It sounds as if your argument is that since fed.gov has decided to control radio frequency distribution, they then need to control radio frequency distribution (and, hence, the political content therein).

A circular argument if ever there was one.

Of course, if Congress decided not to allow FCC to control the radio spectrum, I guess the talk radio hosts would be free to voice their opinions. If Congress decided to regulate trees and pulp from National Forests (public property) or ink, would that suffice to trigger sanctions under Mc-Feingold?

I wonder if pro-tax talk radio hosts (on NPR or the local "Air America" affiliate") have been enjoined into silence on this issue, lest they contribute Voice$$ to the pro-tax campaign? And what about the callers who call in? A conservative radio station will have the vast majority of its listeners call in from the conservative side. Is that a $$ contribution when they dare to open the phone lines? Talk radio is the only medium which routinely allows callers to voice their opinions rather than having Walter Cronkite telling us what we should think on a subject. I like it better this way, don't you?
Bill of Rights

Article I

Congress shall make no law respecting an establishment of religion, or prohibiting the free exercise thereof; or abridging the freedom of speech, or of the press; or the right of the people peaceably to assemble, and to petition the government for a redress of grievances.
If a group of people gather on a public sidewalk carrying anti-tax signs, is that contributing to the campaign as well?

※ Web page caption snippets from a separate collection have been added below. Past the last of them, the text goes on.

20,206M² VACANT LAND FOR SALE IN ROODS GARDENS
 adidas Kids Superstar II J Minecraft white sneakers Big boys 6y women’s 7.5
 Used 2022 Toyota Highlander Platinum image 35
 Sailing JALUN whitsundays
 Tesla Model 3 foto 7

The Bill of Rights and the Constitution as a whole continue to be gutted. It would be nice if Justices would apply those documents in a technology-neutral manner. Just as ownership of fax machines, computers and high-capacity printers are protected by the words of the Founders who knew only the wonders of movable type printing presses.

Rick
 
It sounds as if your argument is that since fed.gov has decided to control radio frequency distribution, they then need to control radio frequency distribution.

A circular argument if ever there was one.

-----------------------
Because the FFC regulated frequency distribution, their decision to deregulate station ownership is a problem of their own creation.

The airwaves are defined as a finite resource. By allowing unregulated ownership of this finite resource, they have essentially created a monopoly on broadcast media.

Now if you want to make it a free for all, that changes everything. He who controls the biggest transmitter wins.

As for equal time, it has morphed into equal rates/lowest published rate and the rules that an ad must announce who sponsored/paid for it's airing.
 
I don't disagree that it was probably a violation of the rules.

I maintain, however, that the rules themselves violate the First Amendment, and are, ipso facto, wrong. McCain-Feingold is just plain wrong. President Bush even said so, right before he said "hand me my pen." And the High Court, as usual, lived up to that moniker in upholding it.

As far as the lack of opportunity to rebut the broadcast media, I think the fact that we have so many avenues available to speak our minds renders the limited number of channels a nonissue. You mention it yourself--conservative talk radio opposes the liberal mainstream media. Nothing says that any given viewpoint has to be opposed in the same medium, on an adjacent channel (or the same channel); TV and radio are complementary; newspapers add another option. Saying that they shouldn't go "unchecked" raises the issue of "who does the 'checking?'" Call me crazy, but I think the last people who should be controlling political speech are the politicians (and controlling by disapproval or "balancing" are just as restrictive as specific approval, at least in the long term).

Further, the internet gives us all--each of us, individually--the opportunity to rebut even a monolithic mainstream media. Consider the case of Dan Rather and the memos about Bush's National Guard service. Commoners, working from their homes and day jobs, for no pay, and with no resources other than those they bought themselves, managed to completely debunk a major story hyped by the "big three" networks, and did so well at it that the anchor who took point on the story was removed from his position in (quiet) disgrace. And now the government wants to regulate blogs as well. Why? Because they've shown that they have real power, and that scares politicians.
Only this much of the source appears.